Angola–Zimbabwe relations
- Angola: Zimbabwe

= Angola–Zimbabwe relations =

Relations between Angola and Zimbabwe have remained cordial since the birth of the states in 1975 and 1980, respectively, during the Cold War. While Angola's foreign policy shifted to a pro-U.S. stance based on substantial economic ties, under the rule of President Robert Mugabe Zimbabwe's ties with the West soured in the late 1990s.

== Angolan Civil War ==

President Mugabe and South African President Nelson Mandela met in Lusaka, Zambia on November 15, 1994, to boost support for the Lusaka Protocol, a peace agreement signed in August that tried to end Angola's civil war. Mugabe and Mandela both said they would be willing to meet with Jonas Savimbi, leader of UNITA, a pro-Western militant group. Mandela asked Savimbi to come to South Africa, but Savimbi did not come.
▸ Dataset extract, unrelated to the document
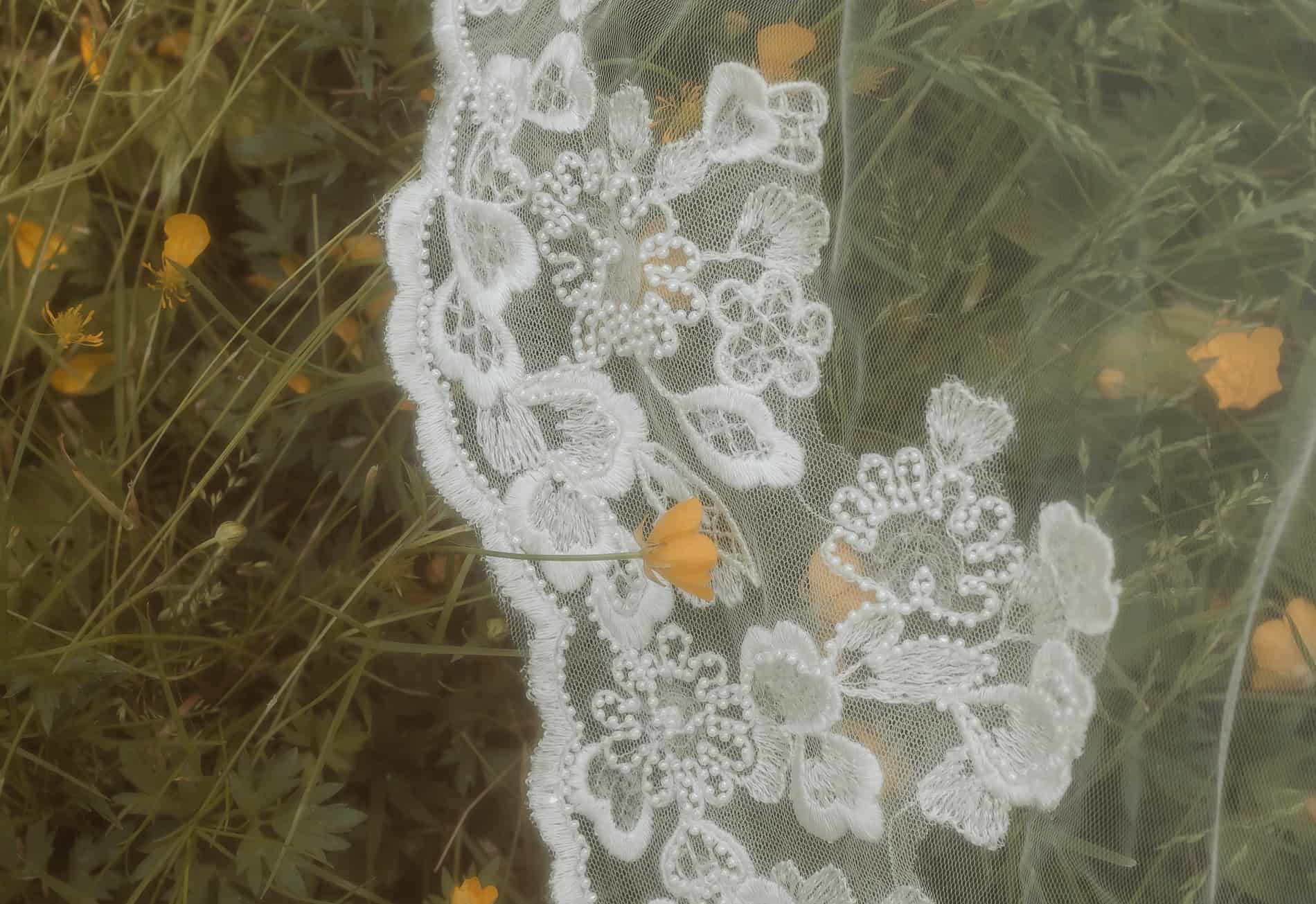 Nærbilde av blondeløper med blomsterdetaljer for bryllupsfotografering i Oslo.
In 1998 the Angolan government bought ammunition and uniforms from Zimbabwe Defence Industries in violation of the arms embargo established under the Lusaka Protocol. Thanks to foreign arms shipments the Angolan government regained the upper hand, ultimately ending the war in 2002.

== Second Congo War ==

Angola, Namibia, and Zimbabwe intervened militarily in the Second Congo War (1998-2003), fighting on behalf of President Joseph Kabila of the DRC against the Movement for the Liberation of the Congo (MLC) and Uganda, and the Congolese Rally for Democracy and Rwanda. While armed forces loyal to Angola and other neighboring countries withdrew in 2002, Rwandan and Zimbabwean forces stayed.

Transparency International's (TI) Corruption Perception Index (CPI) for 2003 found the governments of Angola and Zimbabwe the most corrupt in Southern Africa. On a scale of 0 to 10 with 0 the most corrupt and 10 the most transparent, TI rated Angola 1.8 and Zimbabwe 2.3, some of the highest corruption ratings in the world.